BEGIN Information supplied

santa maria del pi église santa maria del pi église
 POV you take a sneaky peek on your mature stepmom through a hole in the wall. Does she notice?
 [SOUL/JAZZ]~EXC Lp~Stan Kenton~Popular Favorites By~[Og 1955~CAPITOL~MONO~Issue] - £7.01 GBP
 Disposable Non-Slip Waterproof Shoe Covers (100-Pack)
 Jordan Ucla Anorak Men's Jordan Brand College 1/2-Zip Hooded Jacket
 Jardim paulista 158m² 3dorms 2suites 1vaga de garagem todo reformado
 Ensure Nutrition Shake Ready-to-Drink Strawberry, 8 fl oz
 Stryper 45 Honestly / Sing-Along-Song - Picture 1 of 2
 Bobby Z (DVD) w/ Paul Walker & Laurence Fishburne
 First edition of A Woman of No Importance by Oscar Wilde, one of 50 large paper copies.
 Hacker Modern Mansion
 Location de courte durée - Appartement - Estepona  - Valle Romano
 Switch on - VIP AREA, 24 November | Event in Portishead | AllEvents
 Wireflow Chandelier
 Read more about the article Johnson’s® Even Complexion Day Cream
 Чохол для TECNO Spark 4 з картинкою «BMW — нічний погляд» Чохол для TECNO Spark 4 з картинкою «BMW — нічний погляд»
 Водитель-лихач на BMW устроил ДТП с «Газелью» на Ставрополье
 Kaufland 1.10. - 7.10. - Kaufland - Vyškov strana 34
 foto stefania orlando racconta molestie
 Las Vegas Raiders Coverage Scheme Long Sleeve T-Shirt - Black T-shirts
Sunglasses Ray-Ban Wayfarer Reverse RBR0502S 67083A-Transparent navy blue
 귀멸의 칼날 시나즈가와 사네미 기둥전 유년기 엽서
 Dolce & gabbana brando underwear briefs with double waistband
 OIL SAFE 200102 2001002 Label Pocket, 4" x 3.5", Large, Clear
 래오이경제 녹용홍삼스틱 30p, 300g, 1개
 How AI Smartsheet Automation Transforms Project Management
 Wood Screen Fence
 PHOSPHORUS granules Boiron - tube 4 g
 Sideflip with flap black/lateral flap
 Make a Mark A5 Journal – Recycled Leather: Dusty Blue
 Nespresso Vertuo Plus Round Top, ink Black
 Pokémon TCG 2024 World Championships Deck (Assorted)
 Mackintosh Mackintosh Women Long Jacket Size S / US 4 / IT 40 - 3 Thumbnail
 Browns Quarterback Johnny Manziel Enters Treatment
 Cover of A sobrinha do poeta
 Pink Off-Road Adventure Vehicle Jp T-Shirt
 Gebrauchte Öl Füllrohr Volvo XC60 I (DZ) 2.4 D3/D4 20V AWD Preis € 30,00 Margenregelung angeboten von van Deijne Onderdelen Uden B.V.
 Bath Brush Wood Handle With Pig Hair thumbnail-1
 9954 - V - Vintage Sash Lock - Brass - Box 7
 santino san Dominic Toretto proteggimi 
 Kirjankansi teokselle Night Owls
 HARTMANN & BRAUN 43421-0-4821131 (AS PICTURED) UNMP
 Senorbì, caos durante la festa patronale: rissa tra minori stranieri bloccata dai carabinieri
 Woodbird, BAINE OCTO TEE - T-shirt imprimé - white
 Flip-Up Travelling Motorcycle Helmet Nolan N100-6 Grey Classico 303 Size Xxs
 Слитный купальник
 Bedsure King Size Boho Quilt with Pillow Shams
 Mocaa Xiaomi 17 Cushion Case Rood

END Information supplied

* _About this task_
Find each line of the data above that holds the word "Jacket", then copy it.

* _Answer_
 Jordan Ucla Anorak Men's Jordan Brand College 1/2-Zip Hooded Jacket
 Mackintosh Mackintosh Women Long Jacket Size S / US 4 / IT 40 - 3 Thumbnail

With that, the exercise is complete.